I was in the car today, listening to the radio, when an unwelcome voice came into my head.
“You are so old, listening to Radio 2! If people could see you they would think you are so sad…”
A trivial example, I know, but a couple of years ago I would probably have listened to that voice, and questioned my choices. (I still remember ageing about 10 years in my own eyes when I made the epic decision to switch from Radio 1 to Radio 2. It was Chris Moyles leaving that was the final straw. But I digress). In the last 2 years or so I’ve gradually started to become more comfortable in my own skin. Or, in the wise words of the fantastic Genie in Aladdin, to Bee Myself.
This is a lesson I have found particularly hard to learn. From childhood I have been taught that what people think of you really matters. That it doesn’t matter what’s going on indoors, as long as we put on a good show for those watching from the outside, and that they think well of us. “What would (insert name of easily outraged person here) think?!” I am gradually teaching myself a new answer to that question: “I really don’t care!”
Of course, we all care what people think of us to some extent, and it’s right that we consider the opinions and sensibilities of those we love and respect. But if we live our lives governed by other people’s ideas of who we should be and how we should behave, it will cripple us.

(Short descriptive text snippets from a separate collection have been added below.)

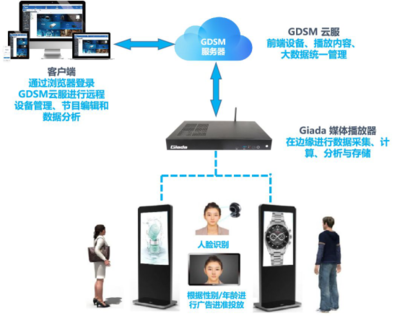 杰和科技榮獲“2019年度數字標牌十佳品牌”獎，數字技術服務引領行業創新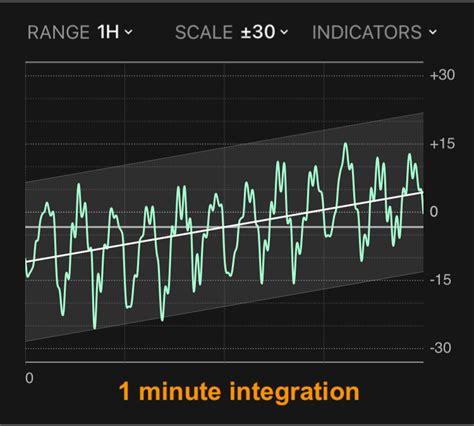 Timegrapher X - Chart Samples
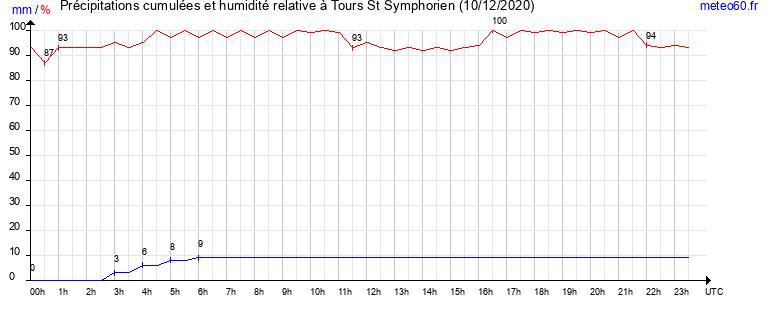 cumul des precipitations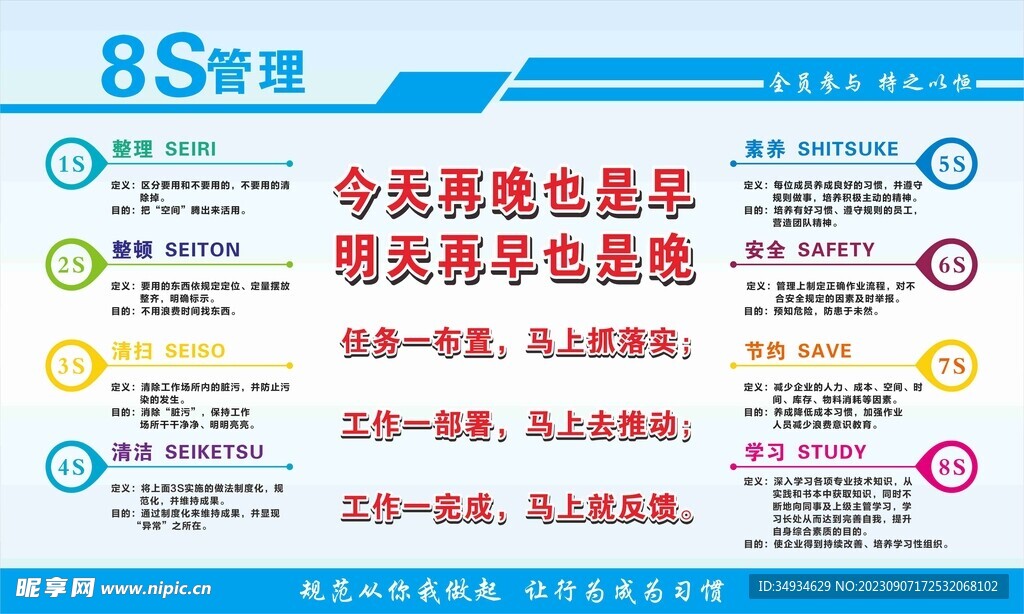 8S管理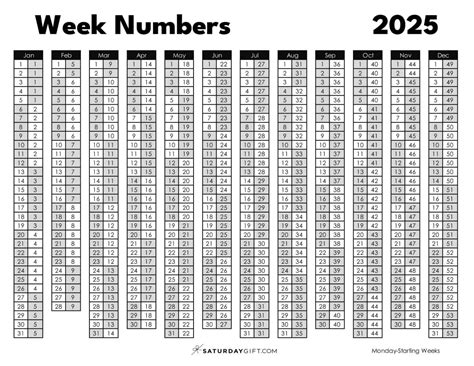 2025 Work Week Calendar Printable Full Kania Adriena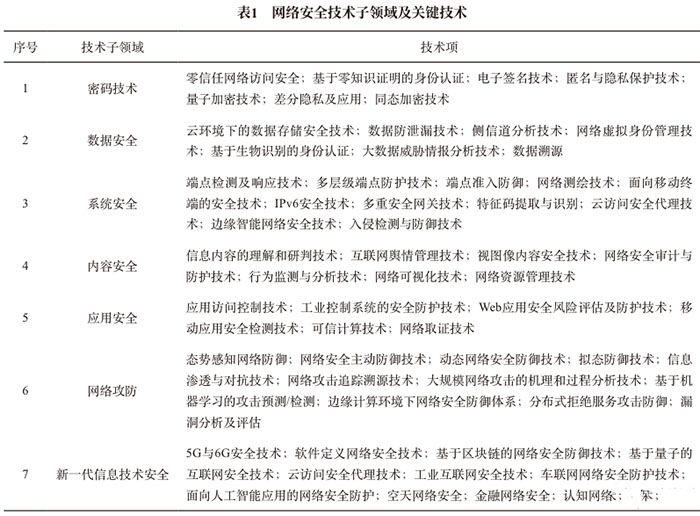 網絡安全技術發(fā)展方向與趨勢研究1
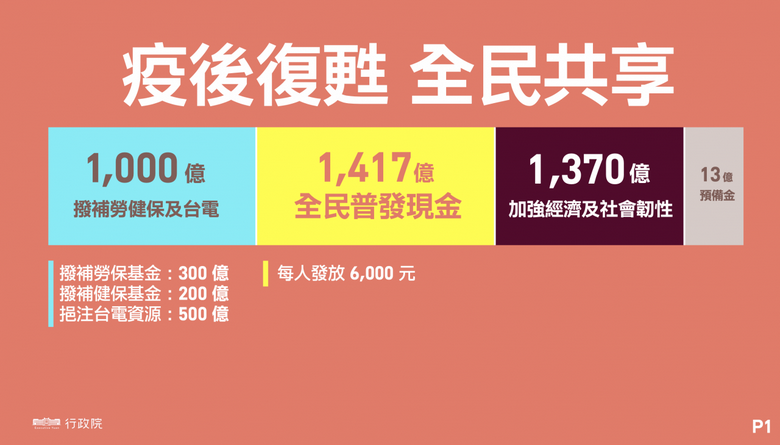 3800億預算拍板！陳建仁暖心期盼減輕人民負擔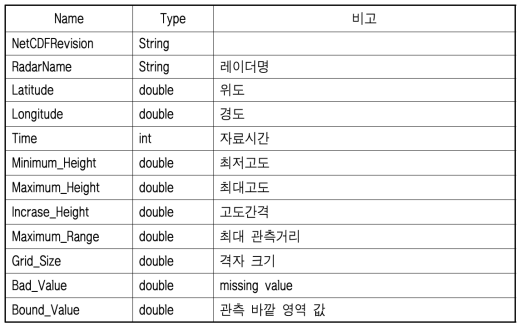 CAPPI 3D 자료의 Global attribute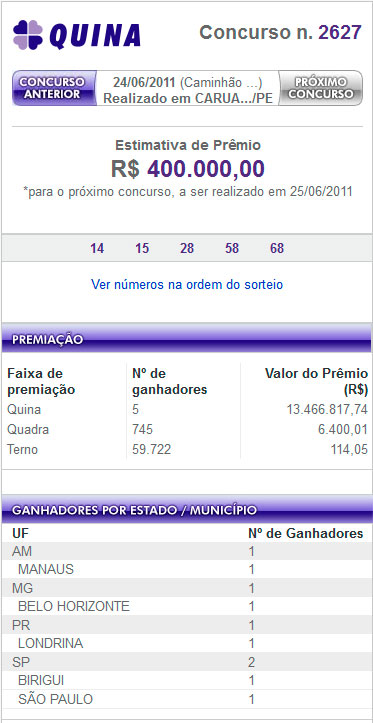 Resultado da Quina 2627 de São João – Cinco ganhadores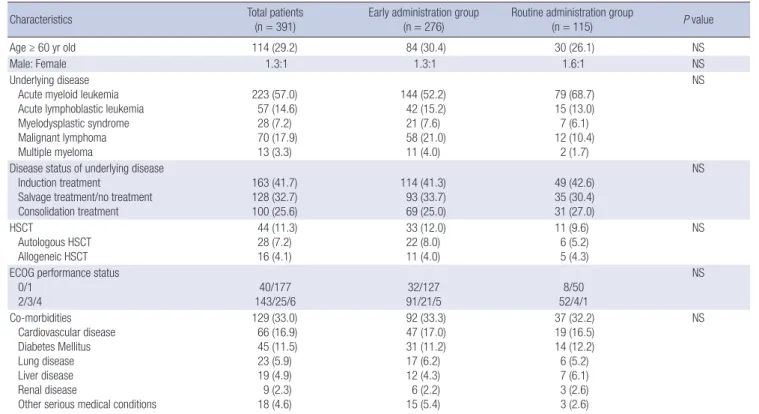 Table 1. Patient characteristics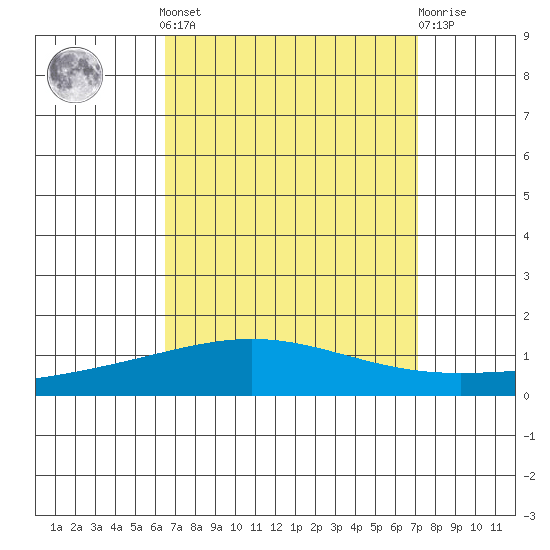 Dauphin Island tide chart for Sunday, September 7, 2025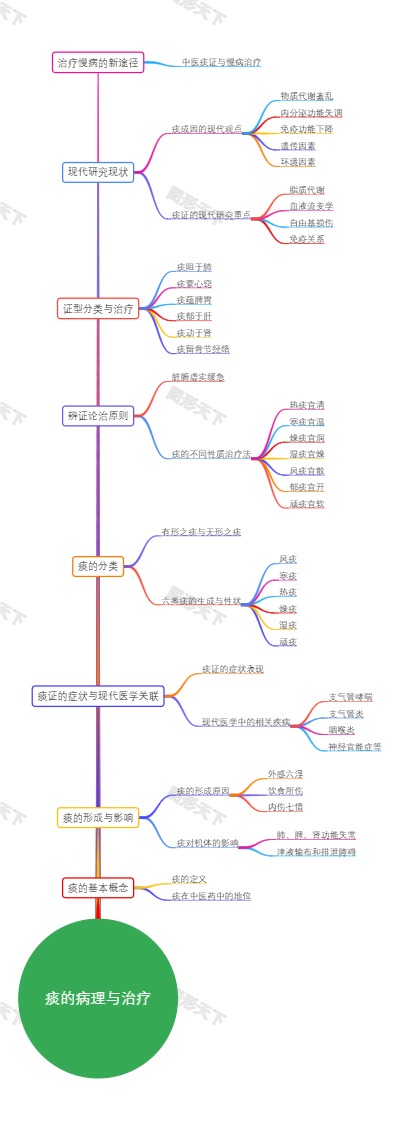 痰的病理与治疗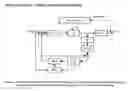 Fig. 04 - Video thumbnail method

We all have different ideas about pretty much everything. What we spend our money on. What we watch on TV. How we bring up our children. We need to acknowledge those differences, but be OK with them. What’s right for one individual, one family, may well not be the right thing for another. When we are insecure about ourselves and the choices we make we often feel the need to make other people, who may do things differently, feel small. And at the end of the day that won’t make us feel any better, it’ll just make the other person feel a whole lot worse.
Jesus famously said
“Love your neighbour as yourself.”
We tend to focus on the first part of that statement- but that is only half of the story. We need to learn to love ourselves. God loves us as we are now; he doesn’t need us to change first. And it’s his opinion that really counts. We may be a work in progress, and there will probably need to be some growing and changing that needs to happen so that we can do all we were made to do- but we don’t need a personality transplant for God to like us. He made me me, and you you; we were never meant to be the same.
So let’s cut each other, and ourselves, some slack. Let’s not worry too much about what other people think and just get on with being us- the real us, not the people we think others want us to be.
In the words of Sting, from the song ‘An Englishman in New York’:
“Be yourself, no matter what they say.”